Newsday
Tankleff Appeal: Murder Trial Unfair
By Carolyn Colwell
Staff Writer
August 16, 1992
Attorneys for Martin Tankleff, convicted of bludgeoning and slashing his parents to death in their Belle Terre home in 1988, have filed an appeal claiming that Tankleff did not receive a fair trial because of the judge's bias, an improper summation by the prosecutor and juror misconduct.
In addition, the 138-page brief submitted last month to the Appellate Division of State Supreme Court in Brooklyn contends that Tankleff's confession should have been suppressed because it was coerced.
Drew Biondo, spokesman for the Suffolk County District Attorney's office, said, "We're very confident that the conviction will be upheld."
After a 10-week trial, Tankleff was convicted in June, 1990, of murdering his parents, Arlene and Seymour Tankleff, just after dawn on Sept. 17, 1988. He was sentenced to 50 years to life.
Hours after the murders, Tankleff, then 17, allegedly admitted to Suffolk County homicide detectives, "Yeah, I did it," and explained he'd acted because he resented having to drive a 1978 Lincoln and having to do chores.
Mark Pomerantz, a Manhattan attorney who led the appellate team, said, "We took a very strong position that he is innocent and that the confession, which is the basis of the jury verdict, is something the jury should never even have heard." Pomerantz added, "By the time Tankleff began to confess, he was in police custody, and he didn't get his Miranda rights."
In his brief, Pomerantz pointed to Tankleff's statement that he rose at 5:35 a.m., killed his parents, cleaned up, showered and lay down for a few minutes all before he called 911 at 6:10 a.m., timing that even homicide detectives testified they didn't believe.
The brief also charges that Assistant District Attorney John Collins was improperly allowed to mention in his summation that the defense didn't call certain members of Tankleff's family to testify, which Collins characterized as indicative of Tankleff's guilt.

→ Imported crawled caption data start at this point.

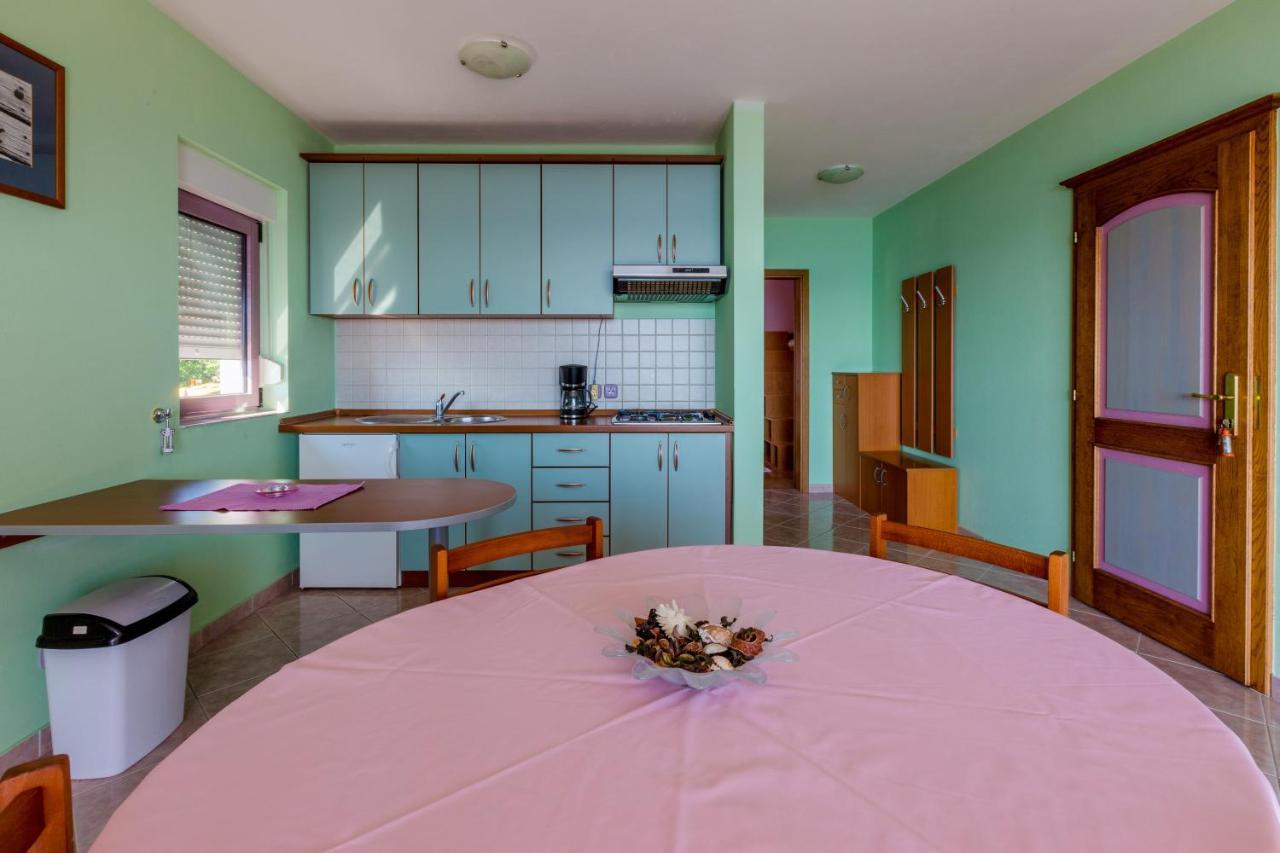 Apartmani Rino 德拉马利 外观 照片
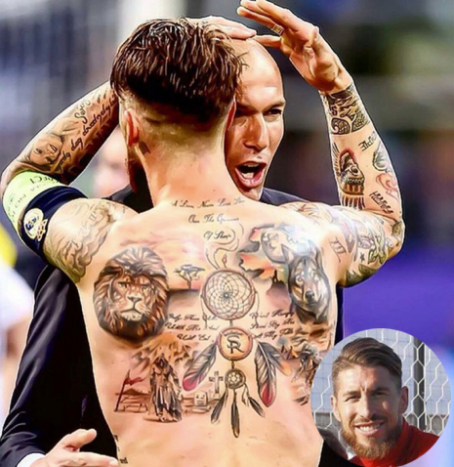 Sergio Ramos Ramos, hvis du fjerner dit blæk, bliver vi MEGET utilfredse med dig. Fodboldspillerens ryg og arme er dækket af pletter med blæk med et løvehoved, en drømmefanger, juveler og familieportrætter. Det ville tage seks timer fordelt på tre år og 16 møder for at fjerne hans tatoveringer. Ramos spiller forsvar for Spaniens landshold (#15) og Real Madrid C.F. (#4).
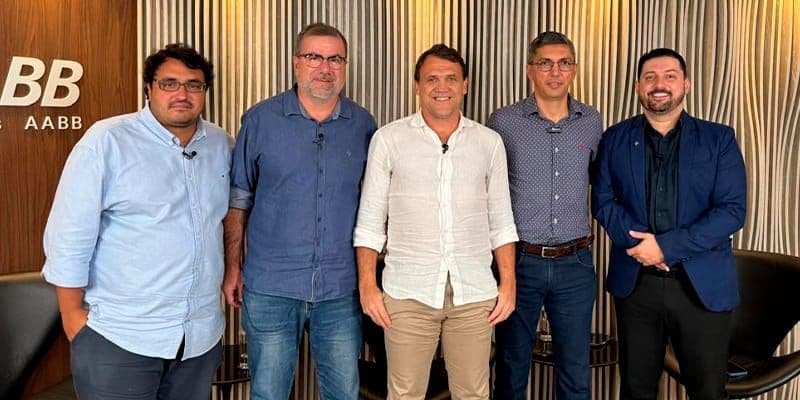 Dejan Petković posa ao lado de dirigentes da FENABB e integrantes da Time Forte no estúdio da federação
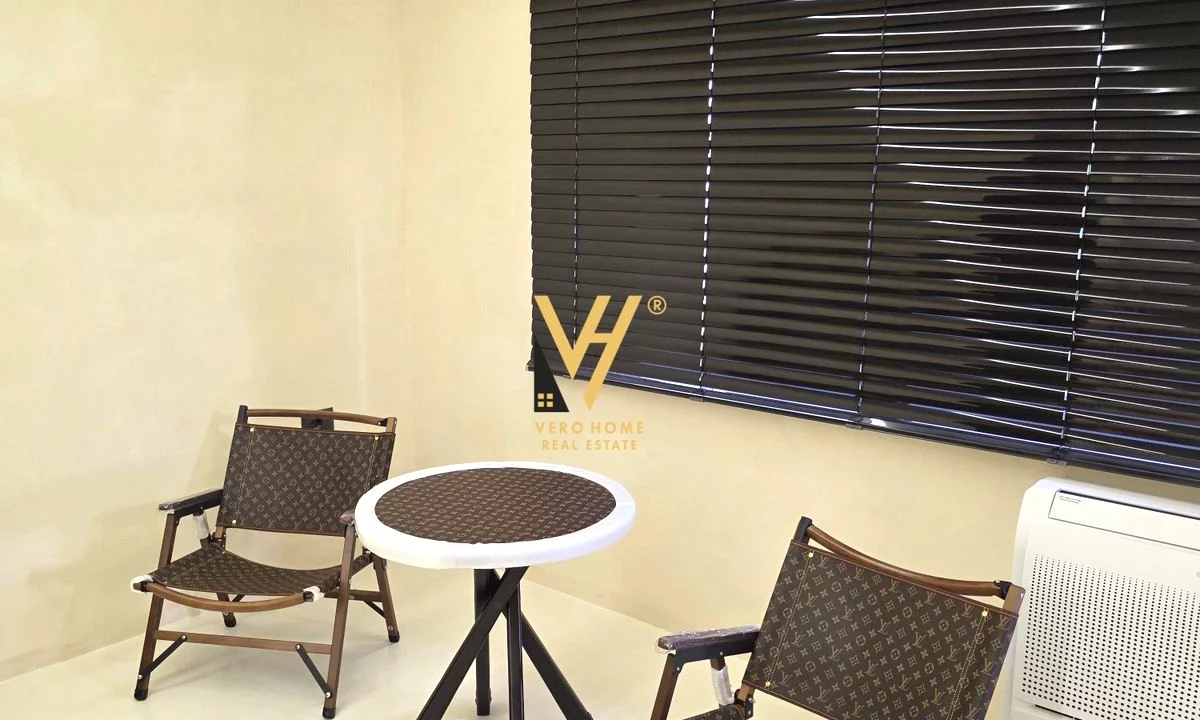 Shtepi ne shitje Apartament ne Tirane, 1+1, Mobilimi Bosh, pa mobiluar, Pagesa 221,000  Euro.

Tankleff's trial attorney, Robert Gottlieb, had tried to prevent Collins from being allowed to mention missing witnesses because the witnesses were Tankleff's sister and brother-in-law and the family attorney, who Gottlieb said were under the control of the prosecution.
The brief also accuses Suffolk County Court Judge Alfred Tisch of bias because he didn't step aside when both he and Gottlieb were being considered as candidates for district attorney.